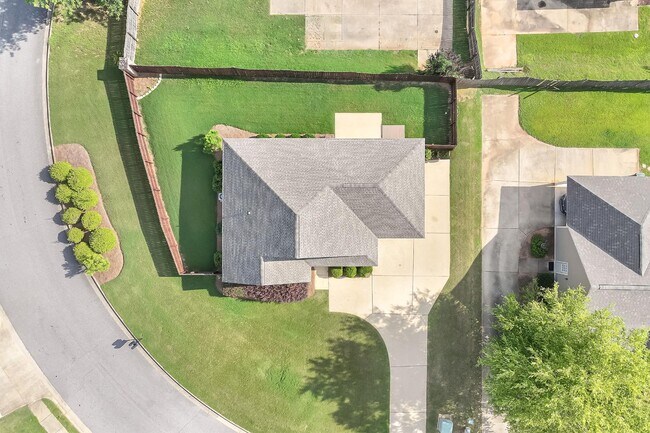 Building Photo - 2469 Waterstone Cir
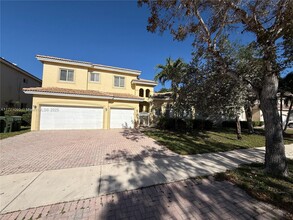 2250 SE 19th Ave in Homestead, FL - Foto de edificio - Building Photo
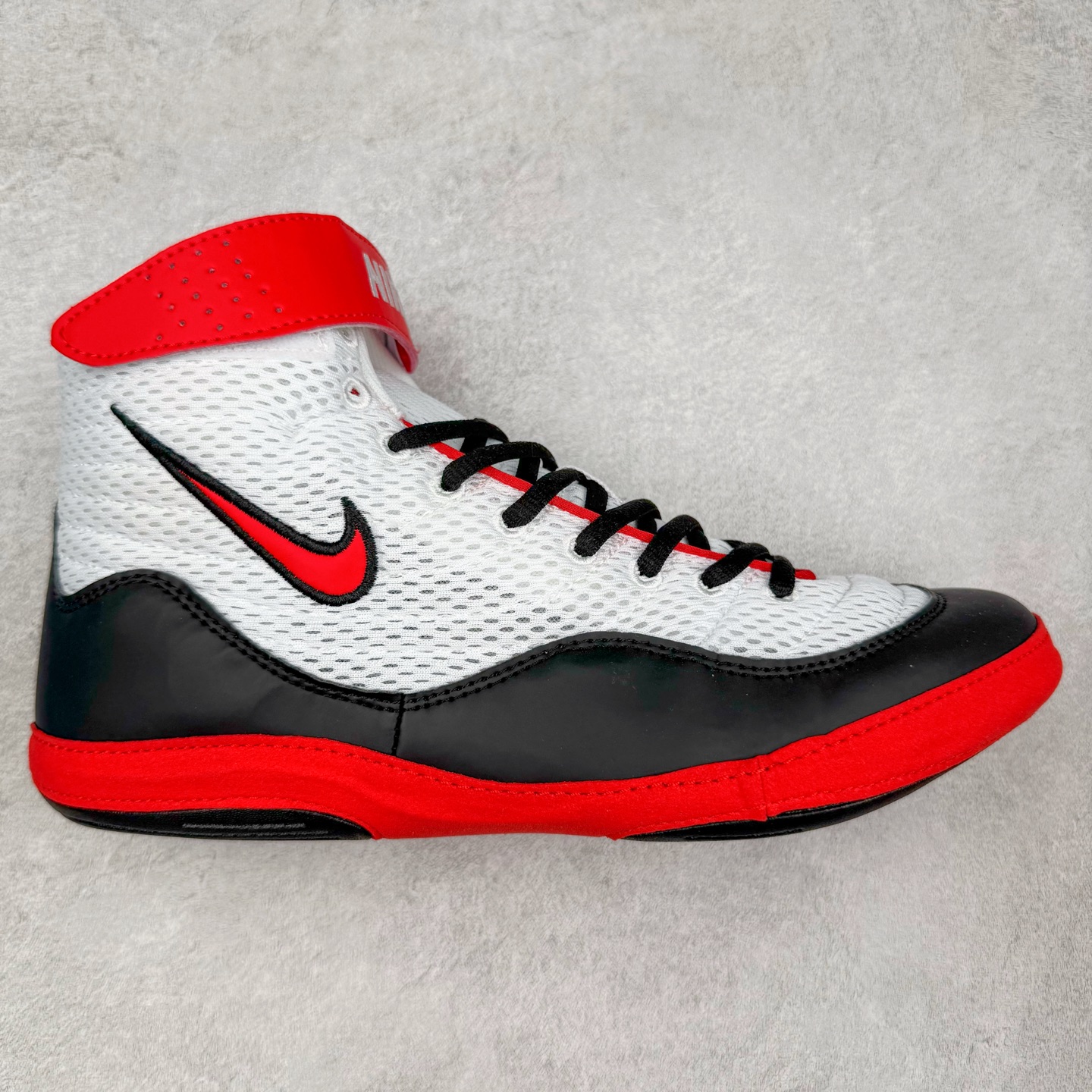 NK Inflict 3 SE Electric 舒适百搭防滑耐磨 高帮 训练鞋 男女同款 实拍调校N版已经零色差零失真 百分百还原实物色彩所见即所得 不存在货不对板色差等低级问题 选购参考实物拍摄 不混卖不参货 只用心做好货严格选品 承诺混一赔十 尺码：36 36.5 37.5 38 38.5 39 40 40.5 41 42 42.5 43 44 44.5 45-选品中心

__________

TASK DIRECTIONS => Set out the material once more, exact in every line, with no images.

RESULT =>
 Building Photo - 2469 Waterstone Cir
 2250 SE 19th Ave in Homestead, FL - Foto de edificio - Building Photo
 NK Inflict 3 SE Electric 舒适百搭防滑耐磨 高帮 训练鞋 男女同款 实拍调校N版已经零色差零失真 百分百还原实物色彩所见即所得 不存在货不对板色差等低级问题 选购参考实物拍摄 不混卖不参货 只用心做好货严格选品 承诺混一赔十 尺码：36 36.5 37.5 38 38.5 39 40 40.5 41 42 42.5 43 44 44.5 45-选品中心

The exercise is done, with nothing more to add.